Marken der Woche 37: Vontobel und Zürich
Die Meldung liess aufhorchen: Die börsenkotierte Bank Vontobel verlegt ab 2030 nicht nur rund 1’500 Arbeitsplätze, sondern auch das Management, den Verwaltungsrat und den Hauptsitz nach Baar.
Der bis 2030 abgeschlossene Wegzug ist für die Marke Zürich kein Erdbeben, aber ein deutliches Warnsignal und schmerzhaft.
Die 1924 gegründete Bank gehört historisch zur Identität des Finanzplatzes. Allerdings nennt Vontobel gemäss Medienmitteilung offiziell nicht die Steuern, sondern Platzbedarf, Wachstumsmöglichkeiten, Verkehrsanbindung und die Zusammenführung von sieben Standorten als Gründe für den Umzug ins Steuerparadies.
Aus Markensicht zeigt der Entscheid:
Zürich bleibt die Bühne
Am Bleicherweg entsteht ein repräsentativer Kundenstandort mit über 300 Mitarbeitenden, Kunstsammlung und Private Dining. Nähe zu Kunden, Prestige und internationales Renommee bleiben offensichtlich wertvoll.

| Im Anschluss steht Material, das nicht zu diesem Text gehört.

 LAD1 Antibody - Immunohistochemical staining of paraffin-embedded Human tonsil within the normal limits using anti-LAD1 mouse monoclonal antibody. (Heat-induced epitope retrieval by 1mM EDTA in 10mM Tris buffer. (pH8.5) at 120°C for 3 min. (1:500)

Baar übernmnmt die "Fabrik"
Hauptsitz, Führung und der Grossteil der Mitarbeitenden wechseln dorthin, wo Fläche, Wachstum und steuerliche Rahmenbedingungen attraktiver sind. Und die reiche Gemeinde erhält ordentlich Steuersubstrat, ggf. neue Einwohner etc.
Image allein genügt nicht
Eine starke Standortmarke kann strukturelle Nachteile bei Steuern, Kosten und verfügbarer Fläche nicht unbegrenzt kompensieren.
Der symbolische Schaden ist grösser als der kommunikative
«Vontobel aus Zürich» wird zu «Vontobel mit Kundenstandort Zürich». Das schwächt die historische Verbindung. Aber das wird bald vegressen sein.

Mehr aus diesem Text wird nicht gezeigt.